- Instructions for the task: What is needed is an exact transcription of every entry below, with the pictures left out.

(Collection entries)
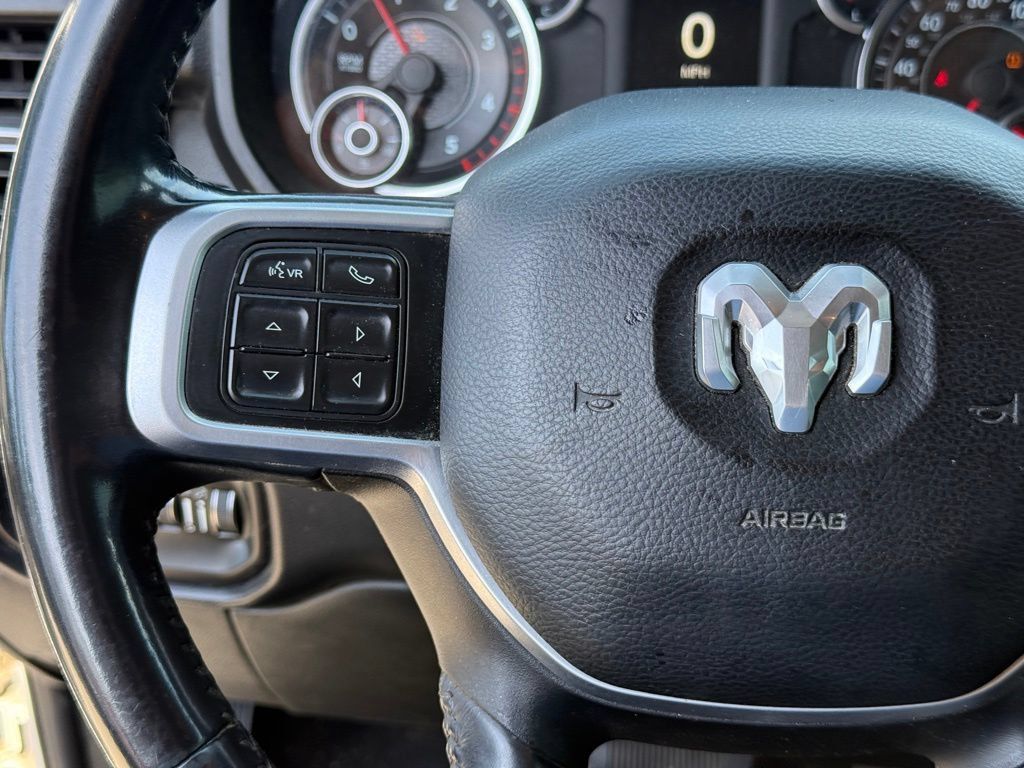 Used 2020 RAM 2500 Big Horn w/ Level 1 Equipment Group AWD/4WD image 17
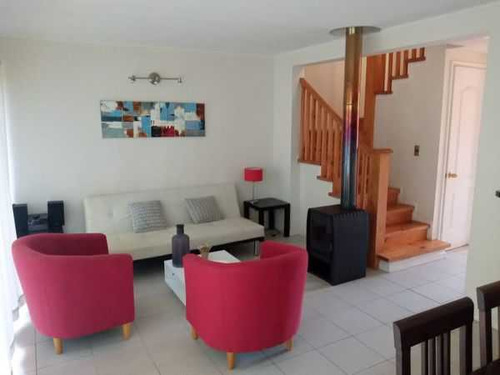 Casa Amoblada En Pucón (51648)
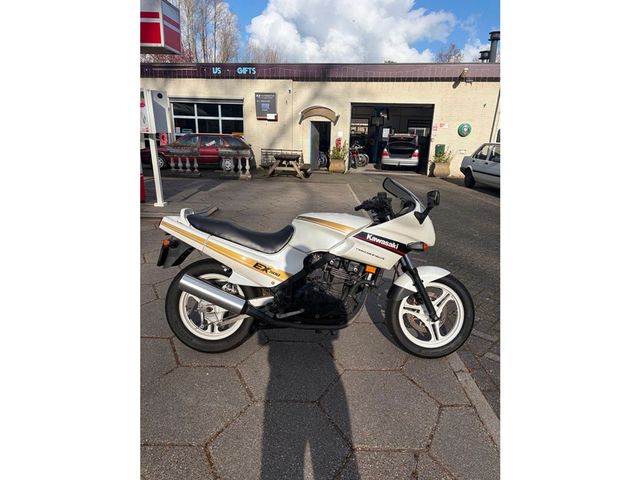 kawasaki - gpz-500-s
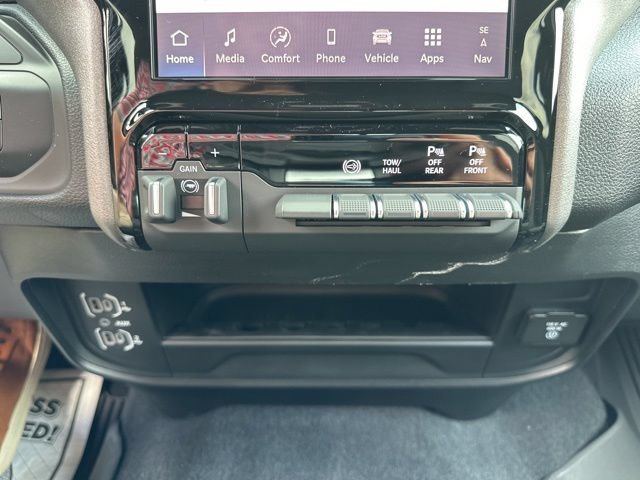 New 2026 RAM 2500 Warlock AWD/4WD image 18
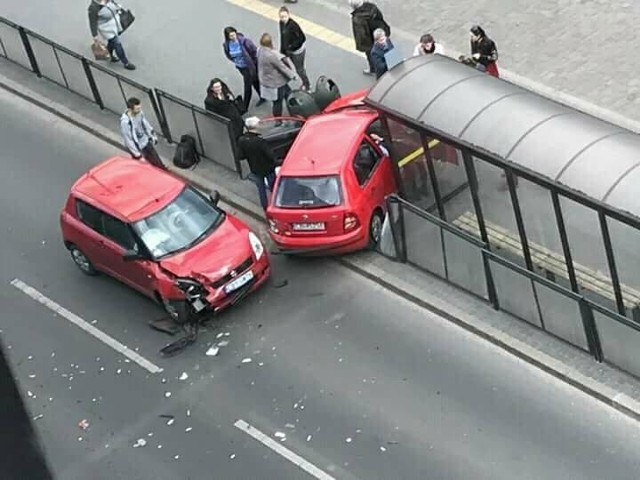 Do zderzenia dw&oacute;ch aut doszło w czwartek po godzinie 15 naprzeciwko dworca PKP Bydgoszczy Gł&oacute;wna. Samoch&oacute;d osobowy przejechał przez barierki oddzielające ulicę od przystanku autobusowego.- Kierowca skody nie zachował ostrożności przy zmianie pasa ruchu, zderzył się z drugim samochodem i uderzył w barierki - m&oacute;wi kom. Przemysław Słomski z biura prasowego KWP w Bydgoszczy. - Na szczęście nic nikomu się nie stało. &lt;center&gt;Info z Polski - przegląd najważniejszych oraz najciekawszych informacji z kraju 28.03.2018&lt;iframe src=&quot;//get.x-link.pl/a35117b7-b766-070f-6dc4-3432f1760fd8,02f5839a-c827-a66a-00e8-9bddf9c691af,embed.html&quot; width=&quot;640&quot; height=&quot;360&quot; frameborder=&quot;0&quot; webkitallowfullscreen=&quot;&quot; mozallowfullscreen=&quot;&quot; allowfullscreen=&quot;&quot;&gt;&lt;/iframe&gt;&lt;/center&gt;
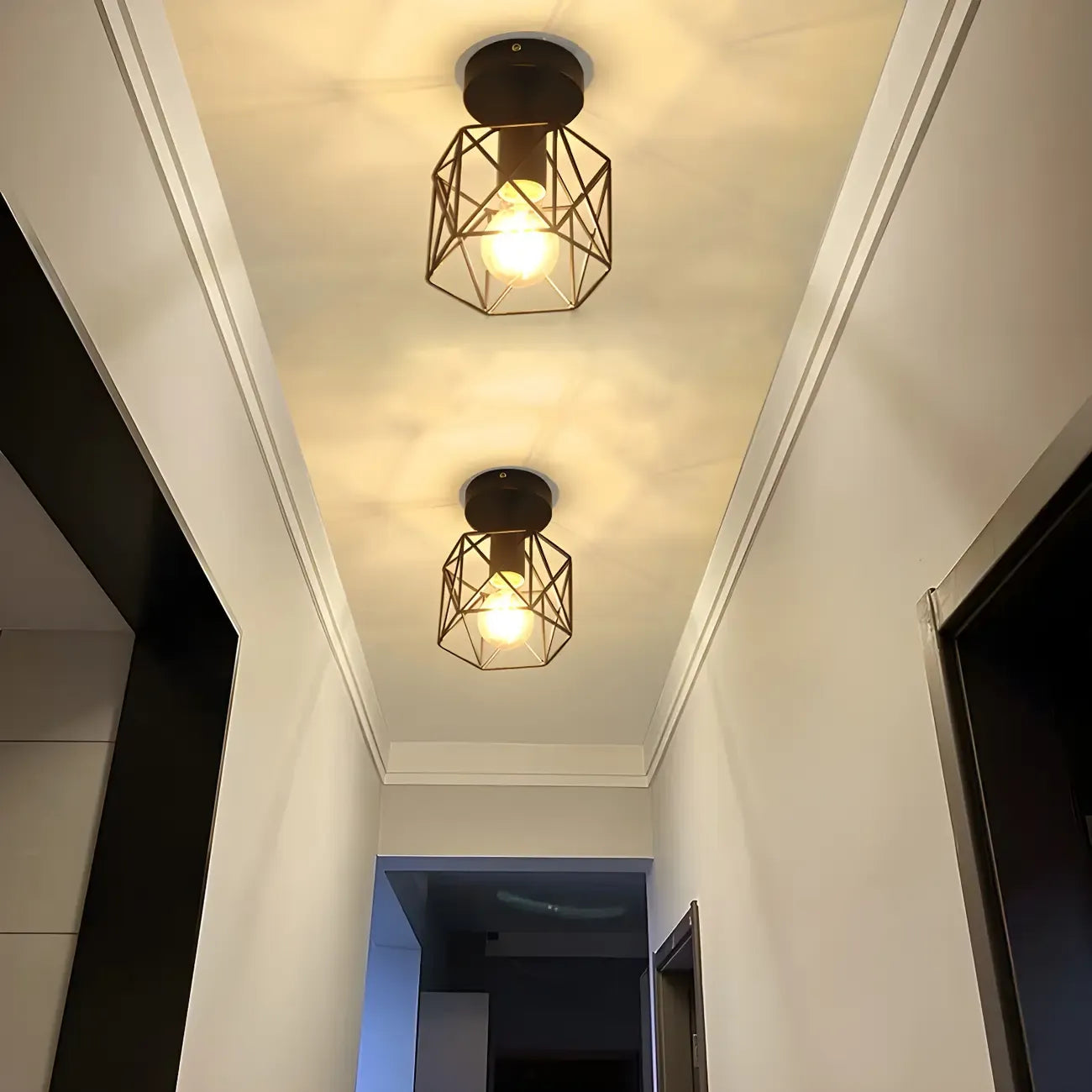 Plafonnier semi-encastré industriel noir à LED pour couloir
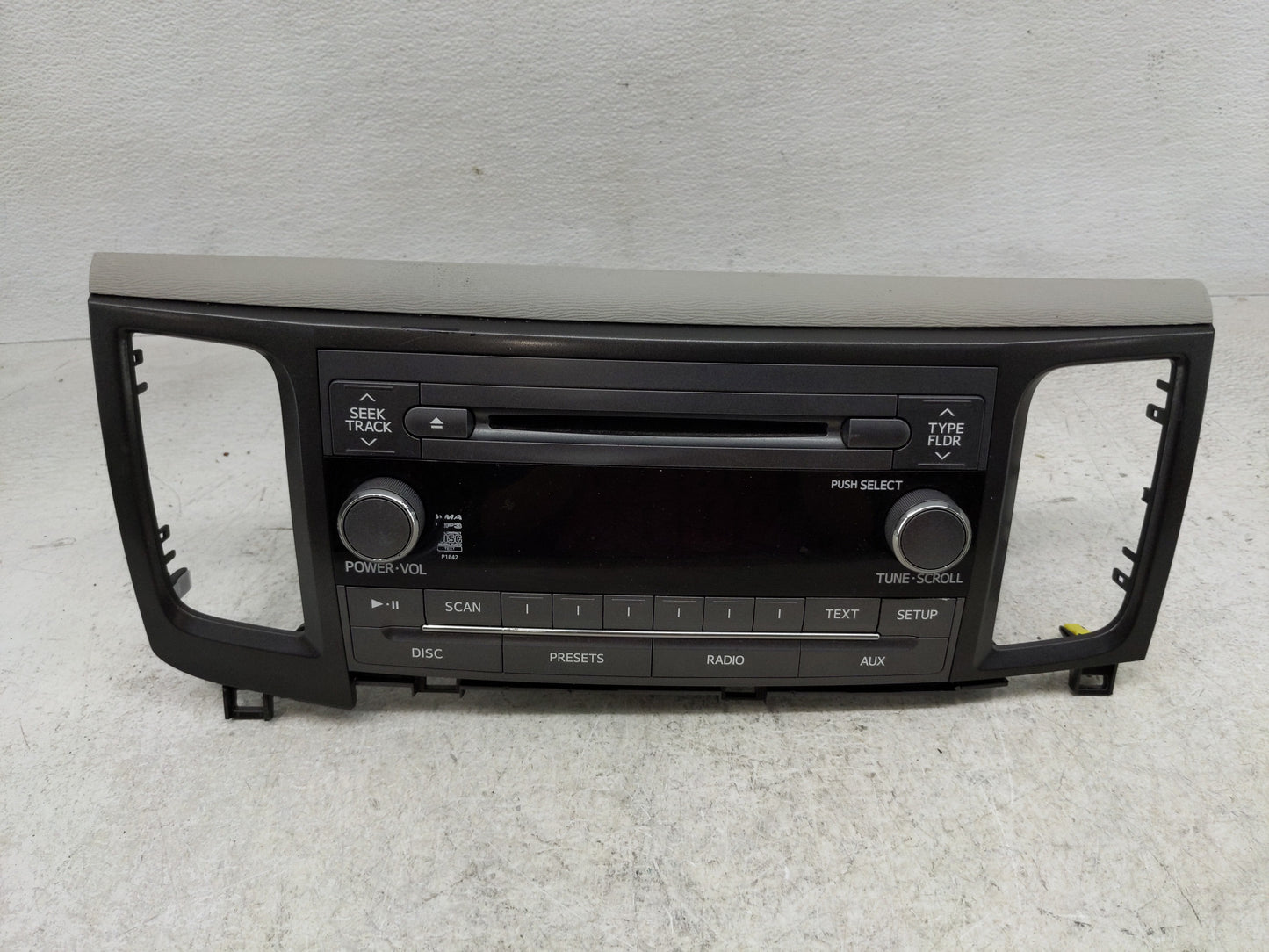 2011-2014 Toyota Sienna Radio AM FM Cd Player Receiver Replacement P/N:86120-08270 Fits Fits 2011 2012 2013 2014 OEM Used Au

- Solution:
 Used 2020 RAM 2500 Big Horn w/ Level 1 Equipment Group AWD/4WD image 17
 Casa Amoblada En Pucón (51648)
 kawasaki - gpz-500-s
 New 2026 RAM 2500 Warlock AWD/4WD image 18
 Do zderzenia dw&oacute;ch aut doszło w czwartek po godzinie 15 naprzeciwko dworca PKP Bydgoszczy Gł&oacute;wna. Samoch&oacute;d osobowy przejechał przez barierki oddzielające ulicę od przystanku autobusowego.- Kierowca skody nie zachował ostrożności przy zmianie pasa ruchu, zderzył się z drugim samochodem i uderzył w barierki - m&oacute;wi kom. Przemysław Słomski z biura prasowego KWP w Bydgoszczy. - Na szczęście nic nikomu się nie stało. &lt;center&gt;Info z Polski - przegląd najważniejszych oraz najciekawszych informacji z kraju 28.03.2018&lt;iframe src=&quot;//get.x-link.pl/a35117b7-b766-070f-6dc4-3432f1760fd8,02f5839a-c827-a66a-00e8-9bddf9c691af,embed.html&quot; width=&quot;640&quot; height=&quot;360&quot; frameborder=&quot;0&quot; webkitallowfullscreen=&quot;&quot; mozallowfullscreen=&quot;&quot; allowfullscreen=&quot;&quot;&gt;&lt;/iframe&gt;&lt;/center&gt;
 Plafonnier semi-encastré industriel noir à LED pour couloir
 2011-2014 Toyota Sienna Radio AM FM Cd Player Receiver Replacement P/N:86120-08270 Fits Fits 2011 2012 2013 2014 OEM Used Au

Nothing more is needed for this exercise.